Today we published William’s NVIDIA Tesla T4 AI Inferencing GPU Benchmarks and Review. While reading through the review prior to publication, I wanted to provide some thoughts and context since there is more to unpack in this one than our average GPU review. We normally put everything in our reviews, but I wanted to share some of my reflections with our readers.
At STH, we test CPUs that range from 10-15W to 225W+ and can cost under $100 to over $10000. Servers we test can cost as little as $500 and we also test 8x GPU Servers and 4x CPU servers with over $100,000 price tags. Making trade-offs between performance, power, form factor, and the price is something we see everywhere. Our Tesla T4 review struck me as something different.
NVIDIA Tesla T4 Inferencing Performance
First, let me state that NVIDIA helped us build our current inferencing tests using their containers earlier this year. When you see results like this from the review, please remember, NVIDIA had input. We requested that NVIDIA let us test the Tesla T4, but they did not facilitate the review. Independent Tesla T4 reviews are few and far between. We know another site is working on a sponsored paper and there are many sponsored case studies out there on the T4’s performance. As this is an unsanctioned review where NVIDIA had input but did not know we were doing it, we were able to broaden our comparison set which led to this:
This chart, in particular, I wanted to use since INT8 inferencing is essentially the key selling workload for the NVIDIA Tesla T4. At its targeted workload, it performs below the $400 NVIDIA GeForce RTX 2060 Super. This makes sense.
In both cases, we have 2560 CUDA cores and 320 Turing Tensor cores. The NVIDIA Tesla T4 has more memory and ECC memory, but less memory bandwidth. Base clock speeds are also much lower for the Tesla T4 than the GeForce RTX 2060 Super. All of these are perfectly reasonable trade-offs to lower power consumption and maintain a compact form factor.
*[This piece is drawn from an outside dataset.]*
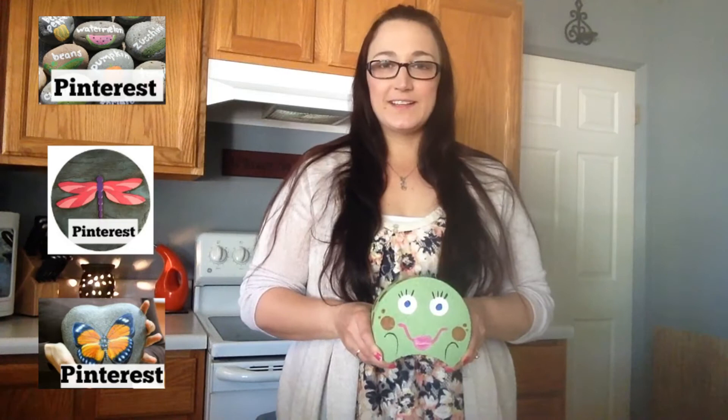As you can see, these were so easy to make and they turned out super cute. You can do any design, anything that you want. Make little stones for your garden with basil and corn and carrots. The ideas are endless, so totally try this at home because this is a successful pin.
Moving beyond that, the Tesla T4 utilizes 16x PCIe lanes. If a server is physically limited, having more Tesla T4’s is better. If the server is electrically limited, then using larger PCIe cards is more efficient. The Tesla T4 uses less power and has a significantly better low profile single slot form factor, but it also costs $2000-$2500 in many servers. We also looked at the power consumption to see the TCO impact, not just the initial purchase price impact.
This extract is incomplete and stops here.